De Quincey's lecturer then evaluates a number of actual and imagined murders of the great and the obscure, inventing the murder of Spinoza, praising the murder of Sir Edmond Berry Godfrey during the Restoration and that of a Mrs. Ruscombe in Bristol in 1764. De Quincey’s narrator acknowledges that murders have improved and calls for a corresponding improvement “in the style of criticism applied to them” [27]. What becomes clear in this discussion is that the concealment of the murder evokes the praise: mystery, in other words, is the aesthetic element, and the murders are discussed as if they were fiction if they are not indeed clearly fictional invention such as the Spinoza "murder." De Quincey has written an essay about the aesthetics of murder and about the nature of the genre of mystery fiction, and its questions are the ones critics are still trying to answer: Why should mystery appeal? Given the fact that it does, what are its conventions, its forms, and its necessary formal features? Considering the first question, De Quincey invokes Aristotle to say that "the final purpose of murder, considered as a fine art, is precisely the same as that of tragedy in Aristotle's account of it; viz. 'to cleanse the heart by means of pity and terror.'"28 In considering the second question about form, De Quincey sounds like Aristotle again: like the tragic hero, the victim "ought to be a good man."29 Finally, the essay goes beyond appeal and form to consider significance that might transcend pleasure or even catharsis. For in addition to catharsis, another effect, also supported by classical authority (this time Ovid) is claimed for the study of murder as a liberal art: the result of such study, says De Quincey’s narrator, is “to humanise the heart” [30]. In this essay about “the aesthetics of murder”, De Quincey invents mystery fiction criticism and its most significant questions: Why should a story about crime and the discovery of its perpetrators appeal? Given the fact that it does, what form works best? What is the mechanism of its appeal? And how significant are such stories by comparison with what we think of as "literature?" I use these questions to organize my book.

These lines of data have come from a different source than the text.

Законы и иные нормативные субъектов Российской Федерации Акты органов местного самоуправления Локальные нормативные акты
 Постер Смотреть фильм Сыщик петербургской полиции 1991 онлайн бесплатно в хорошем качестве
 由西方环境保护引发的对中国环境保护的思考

^ Organization of This Book

I begin with the question of form. Part of the argument of my book is that the conventions of mystery - the features that explain its appeal - are both more foundational than previously thought (I find the hard-boiled formula supposedly invented in twentieth-century America in the earliest detective fiction, for example) and more labile, undergoing profound transformation from one generation of fiction to another. To illustrate this insight, my treatment of forms and formal features is historical.

In the first chapter I discuss the two main strains or forms of detective fiction: the classic or formal mystery of the Sherlock Holmes/Hercule Poirot type and the hard-boiled mystery. I argue that the conventions of both forms are anticipated in the earliest detective novel, William Godwin’s Caleb Williams (1794), and so too are the limitations of those conventions. Part of my argument throughout the book is that the most successful examples of mystery and detective fiction employ useful and necessary conventions, but they also challenge those conventions.

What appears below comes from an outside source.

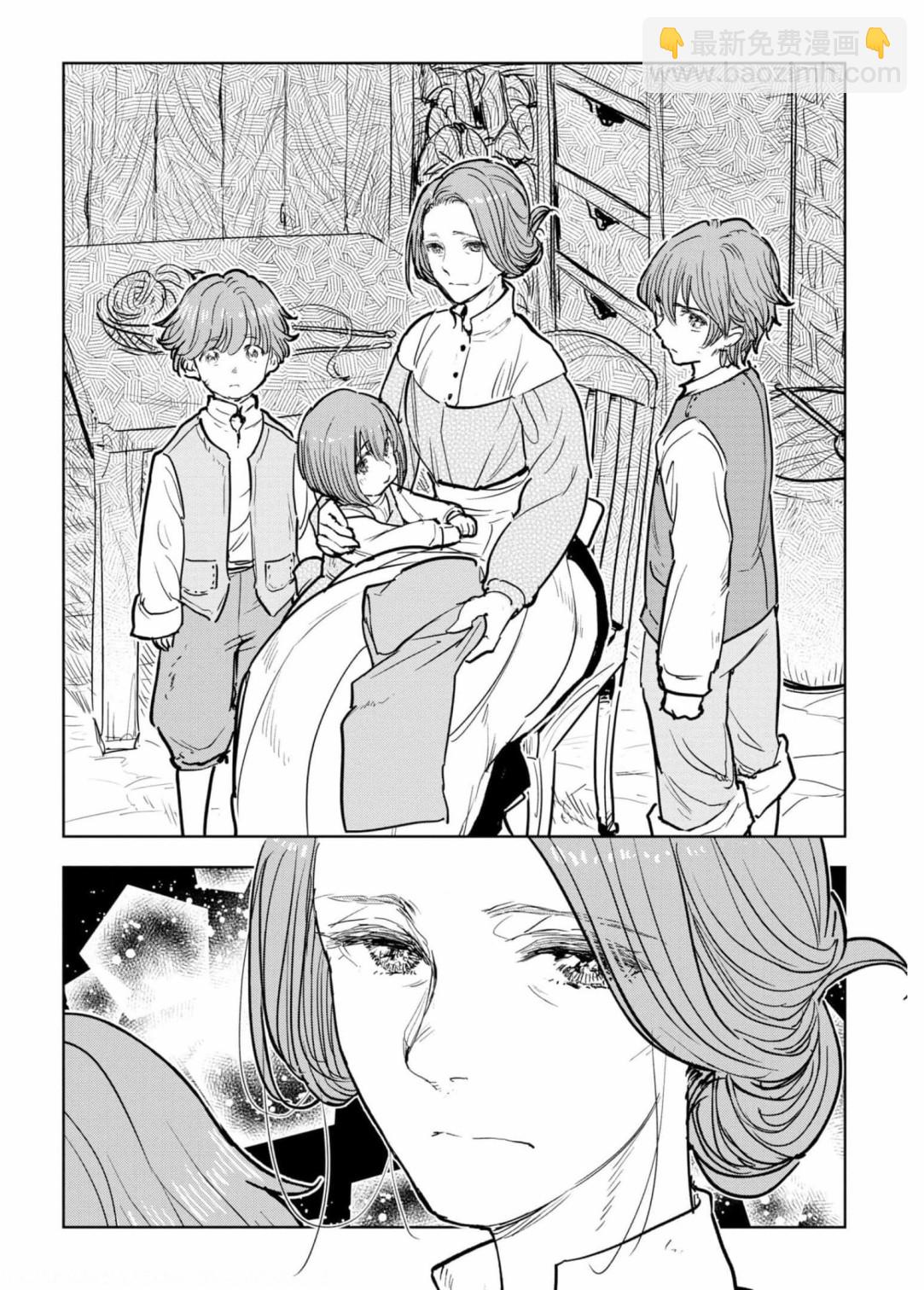 從貴族變成平民、還被解除婚約！ - 第05話 - 6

I then move to the center of mystery’s appeal. My second chapter examines five thematic, stylistic, and ideological features of mysteries that I think are central to their appeal. I treat each of these features historically. For example, the first section, “Saving the Innocents”, begins with the Daniel Plot, the story from the Apocrypha in which the prophet Daniel exonerates Susanna by interrogating separately the elders who accuse her. This feature of innocence rescued undergoes many metamorphoses in the course of mystery’s history. In the nineteenth century, in some stories of Poe and Conan Doyle, every potential human who might be accused is exonerated when the detective discovers that the crime is not even by human agency (“The Murders in the Rue Morgue”) or there is no crime (“The Man with the Twisted Lip”). But in other stories by these writers (“The Purloined Letter”, “The Crooked Man”, “The Dancing Men”, “The Second Stain”, “Charles Augustus Milverton”, and “A Scandal in Bohemia”), innocence ceases to be a simple concept, and the detective’s efforts prove unsuccessful or even unnecessary and his actions morally questionable [31]. Erle Stanley Gardner invents a dramatic variation of the innocence rescued theme by playing out the rescue in a courtroom and usually giving his falsely accused defendants guilty secrets just short of the actual crime of which they are accused. In hard-boiled detective fiction, betrayal by the supposed innocent is often the spring for the plot: the attractive client, the lover or old friend of the detective, and the young girl seeking protection all turn out to be the culprits. Or innocence seems absent entirely as client and detective alike are implicated in societal guilt. Because the matter of guilt and accusation has so often been tied to sex (as in the Daniel/Susanna story), when young female detectives begin to appear regularly in mystery fiction more variations are possible with the innocence rescued theme.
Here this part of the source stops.